Comparison of the results in Table 1

Figure 3 shows the comparison of the results in Table 2. The lower bounds, upper bounds and z1(F) are showed in forms of dashed line, solid line and dotted line respectively. The meaning of X-axis and the Y-axis is same as that in Fig. 2. The computational results show that the upper bounds are smaller than the optimum solutions of classical 2E-CVRP. There are only two exceptions in the instances, whose lower bounds are close to the optimum solutions of the corresponding 2E-CVRP.

Fig. 3
figure 3

Comparison of the results in Table 2

6 Conclusions

In this paper, we described the mathematical formulation of the adaptive two echelon vehicle routing problems. Then, a lower bound of A2E-CVRP is given, after which the upper bound could be generated as an approximate solution.
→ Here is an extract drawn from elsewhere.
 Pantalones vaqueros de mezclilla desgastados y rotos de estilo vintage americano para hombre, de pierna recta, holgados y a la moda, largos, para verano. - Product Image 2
The solution of A2E-CVRP is better than that of 2E-CVRP both in theory and our computational experiments.

Tables 1 and 2 show that the saved costs become large when the satellites are located far away from the depot. Besides, the lower bound and upper bound could be further used to derive algorithm for generating solutions closer to the optimality, such as that described by Baldacci et al. (2013) or some branch and bound methods.